Ici, quand il pleut, ce sont les gouttes qui font le ciel, qui trament aussi la terre dans une même envolée, mais pas un parmi nous ne connait si ce sont des sanglots de soleil ou les éclats d’une énergie dont nul ne tient le nom, ni comment ce qui scintille dessine d’impalpables matières où le vivant s’assemble parmi les herbes folles à la célébration des vers et la jubilation d’une fougère assoiffée.

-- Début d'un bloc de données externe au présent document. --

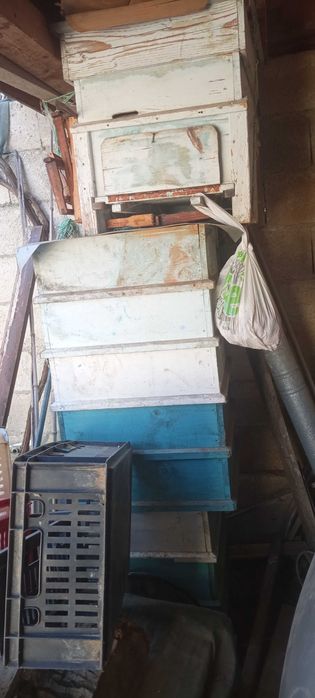Магазини за Кошери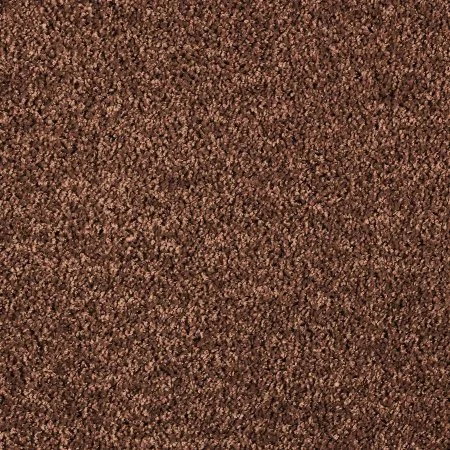 Ковровое покрытие AW Kiama 48 - (5м) в Новокузнецке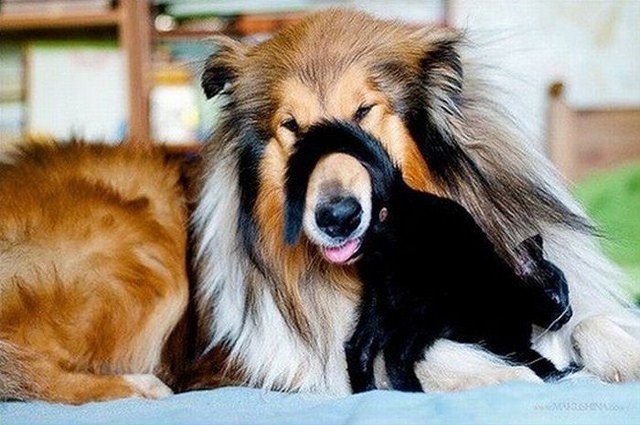 Прикольный позитив в фотографиях (110 фото)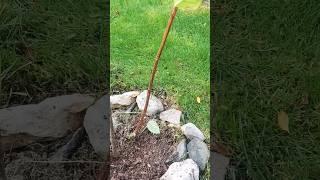 Как из одной веточки метельчатой #гортензии сформировать целое дерево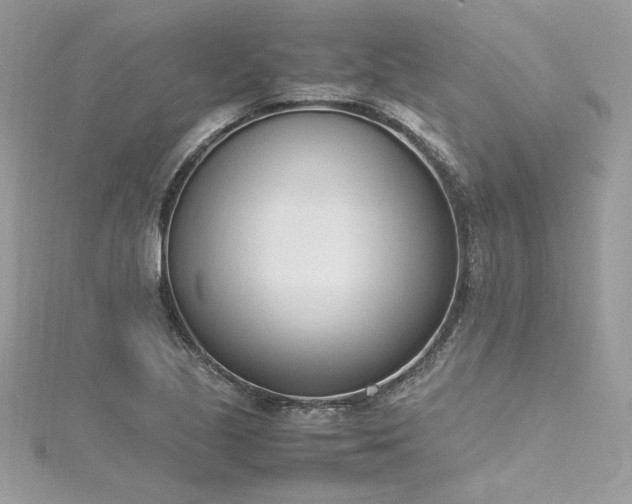 X0000116291221200911301412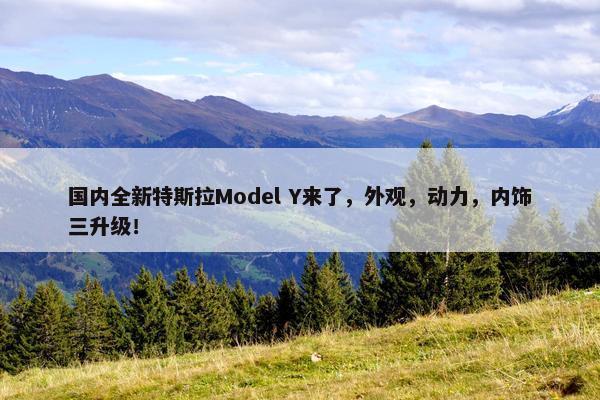 国内全新特斯拉Model Y来了，外观，动力，内饰三升级！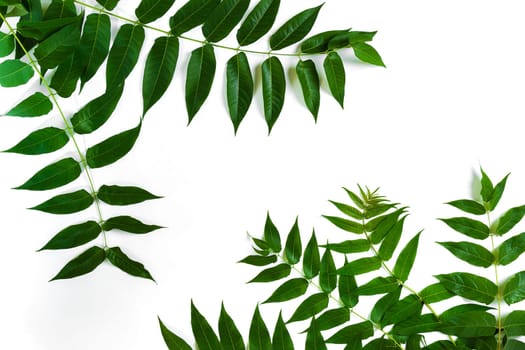 Green leaf branches on white background. flat lay, top view. Copy space. Still life
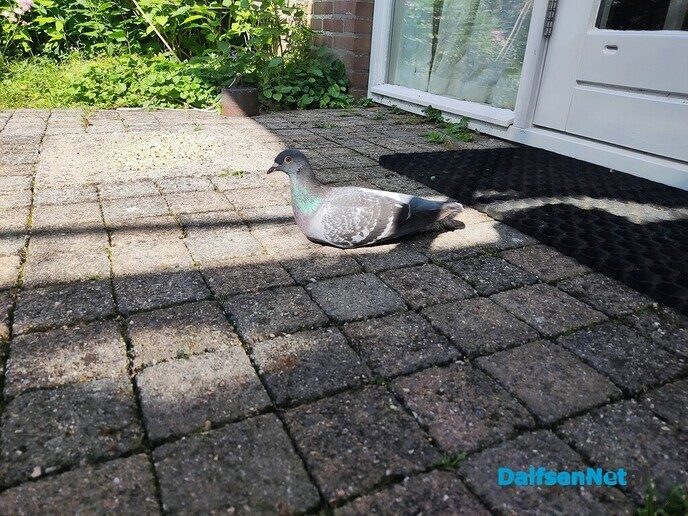 Duif te logeren - Foto: Ingezonden foto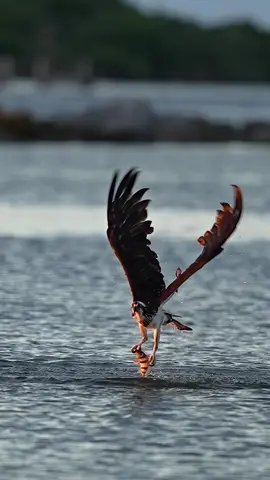 10 mins before sunrise and the ospreys had already worked themselves into a frenzy. This bird immediately caught my eye as it folded its wings and entered its high speed free fall towards some poor unsuspecting fish. Its entry into the water creating a massive splash that became magically lit by the soon to rise sun. As the bird rose like a Phoenix, that same brilliant light set the bird ablaze with an amazing fiery  color making appear to indeed be a Phoenix. I didn’t even notice the fishing line dangling from its catch until I got home. Modern camera gear is amazing! Glad I’m not a fish! #osprey #fish #bird #birbs #florida #marksmithphotography 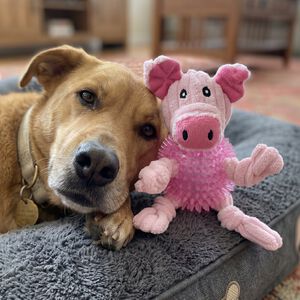 Pig Plush Dog Toy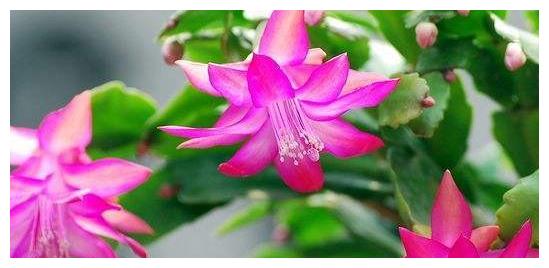 养蟹爪兰 花盆里撒点小豆豆 叶子坚挺开花旺 蟹爪兰 花盆 栽培 新浪新闻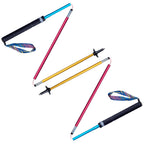 Aonijie Folding Ultralight Carbon Fiber Trekking Poles Quick Lock Trekking Hiking Pole Walking Stick (110 Cm Style 2)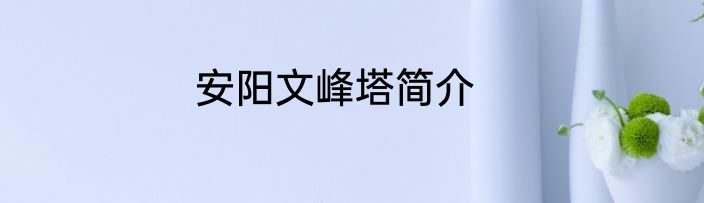 安阳文峰塔简介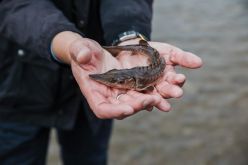 Ein junger Europäischer Stör kurz vor dem Besatz in die Elbe.  Quelle: Sascha Hilgers/BMUV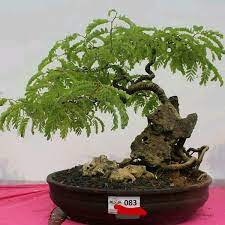2,227 likes · 5 talking about this. Jual Bonsai Asem Di Lapak Motekar As Bukalapak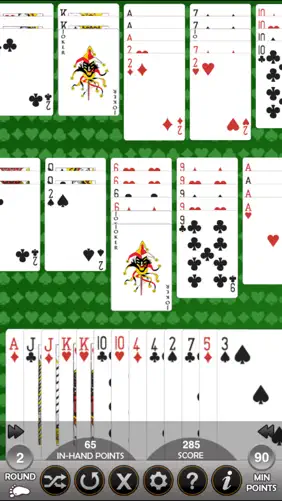 Hand and Foot Card Game screenshot 1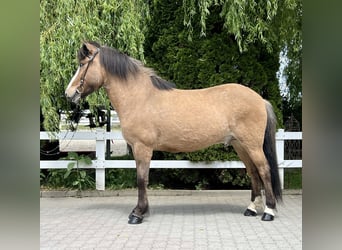 Pony Islandese, Castrone, 10 Anni, 144 cm, Falbo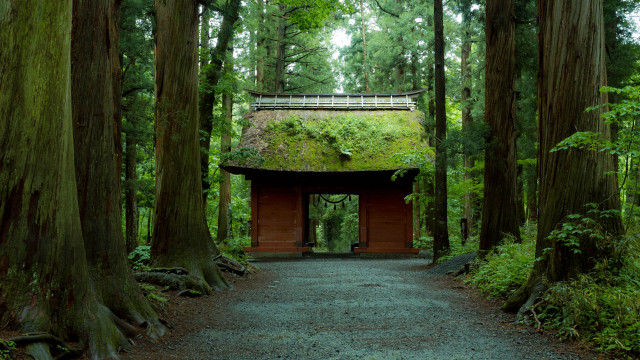 Forest path tiltshift kyoto shrine free wallpaper - medium preview image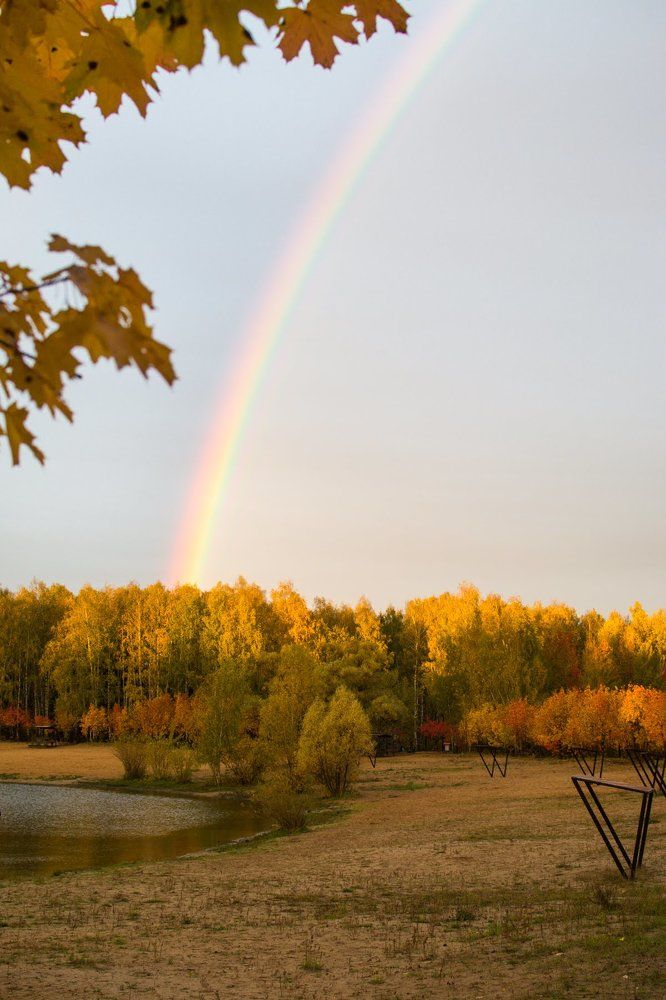 Photograph by Юлия Ефимова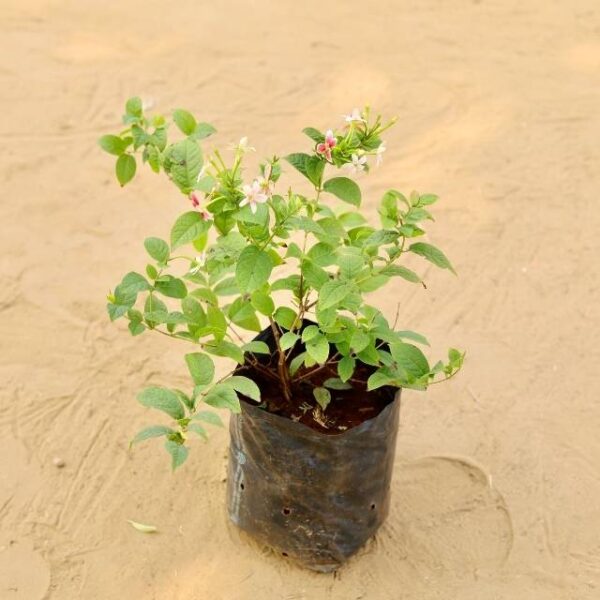 Madhumalti | Jasmin Dwarf In 8 Inch Nursery Bag | haryali.co.in Online Plants In Gurgaon Free Same Day delivery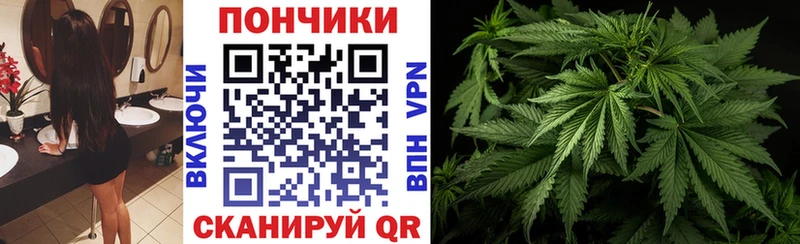 Купить  Вихоревка  Конопля Ganja 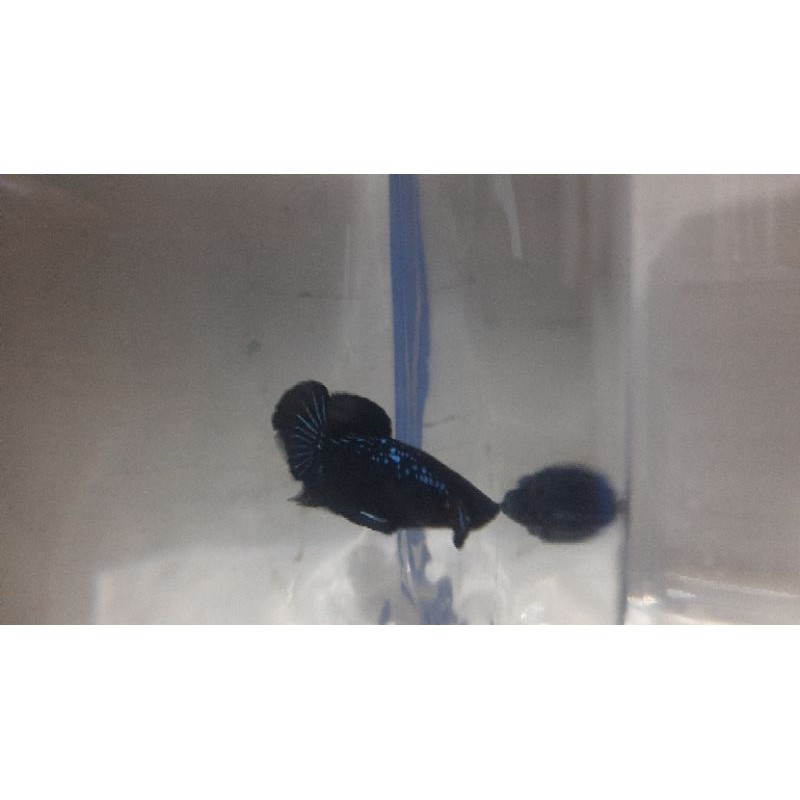 Cupang avatar gordon rintik kalimaya REAL PICT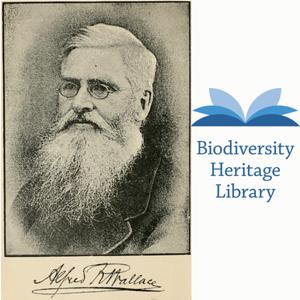 Celebrating Alfred Russel Wallace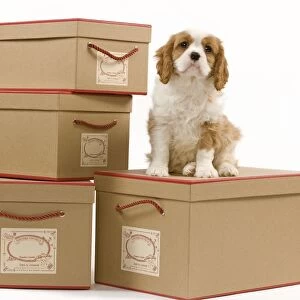 Dog - Cavalier King Charles Spaniel - sitting on boxes in studio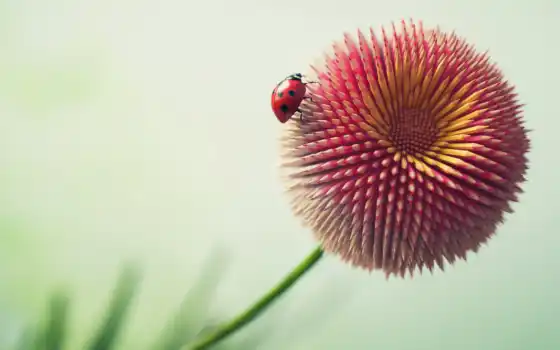 цветы, ladybug, pencil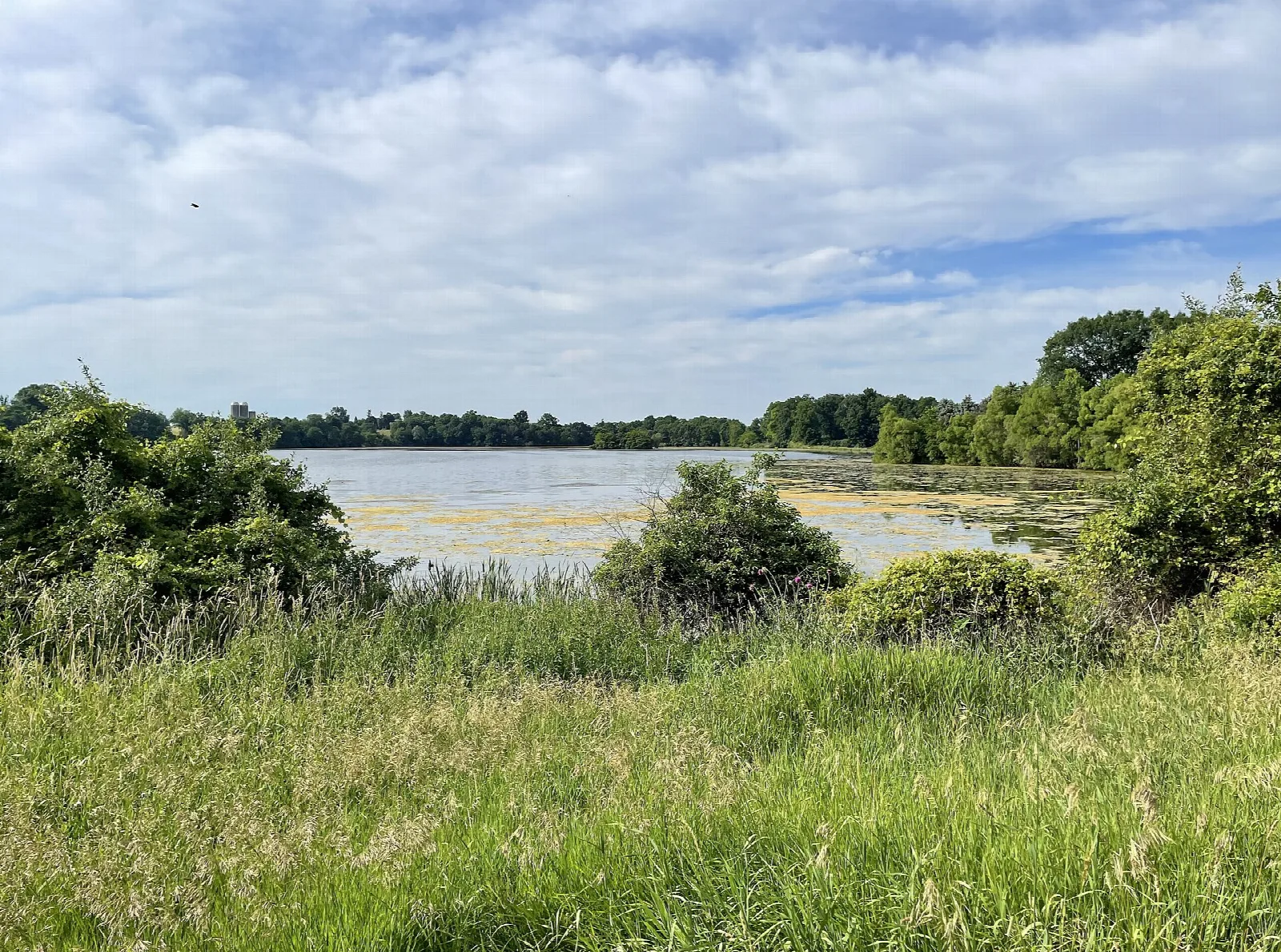 Lake seen over tall grass under a cloudy sky
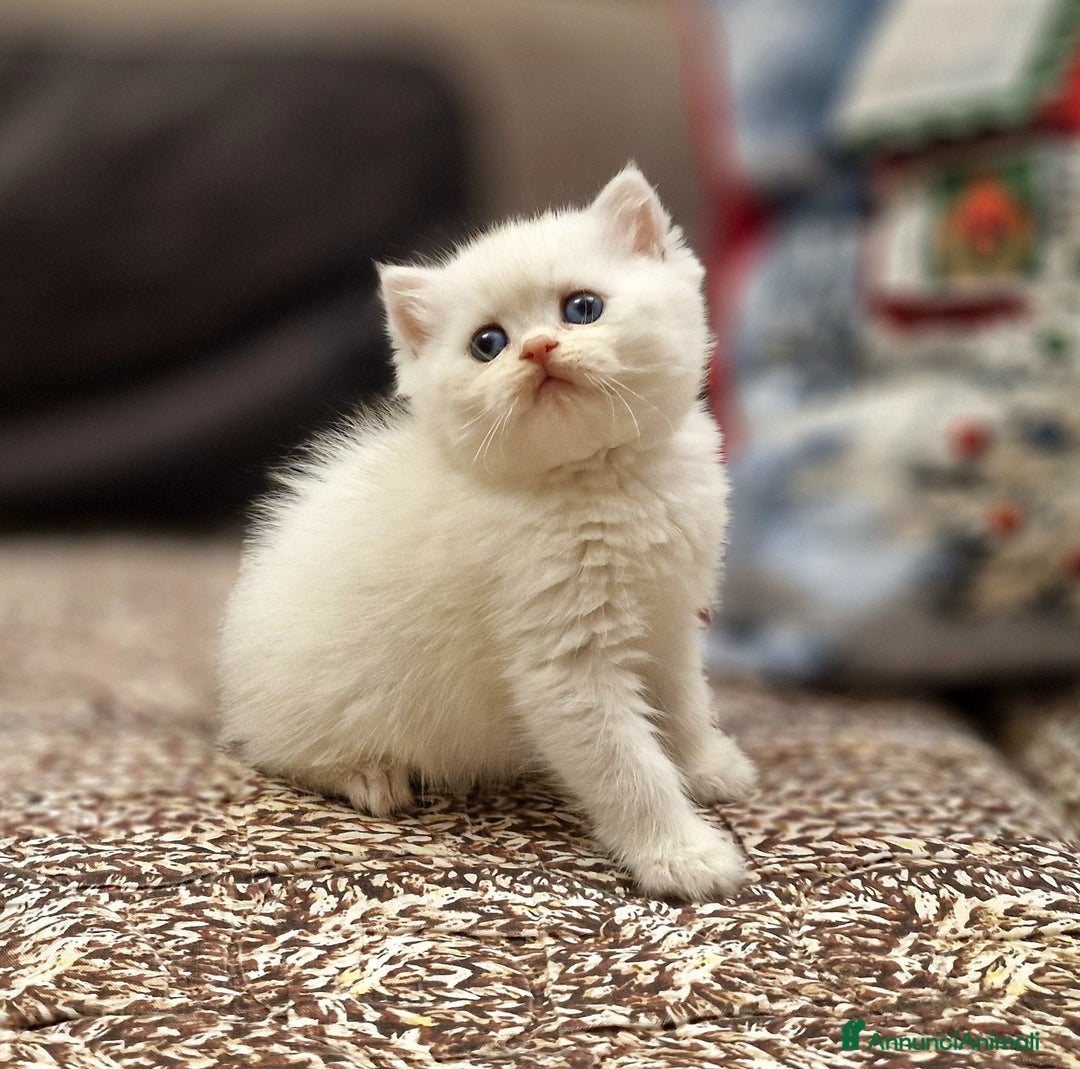 British gatti in vendita: British shorthair e longhair  a Provincia di Monza e della Brianza - Annuncio 11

On peut hélas compter les papillons, ils sont des événements, balises fantômes de la grande perte et de l’absence où tout s’effondre, mais il y a (heureux bonheur) l’infini des parfums qui s’emmêlent et se distinguent ensemble, légers, mouillés, comme portés de frissons en pensées, jusqu’aux fragrances qui accompagnent le jaunissement des fruits-à-pain… Là j’ai pour vous, une fois encore comme après tant de fois, contemplé la musique architecte des désordres, la forge qui sans cesse détruit et renouvelle, l’épuisement qui devient, cette lancée d’avenir dans cet épuisement même, et j’ai compté pour vous les mesures de l’alliance où se tient ce qui est séparé, tout comme ces horizons qu’il faut apprendre à deviner dans ce qui nous semble obscurément soudé.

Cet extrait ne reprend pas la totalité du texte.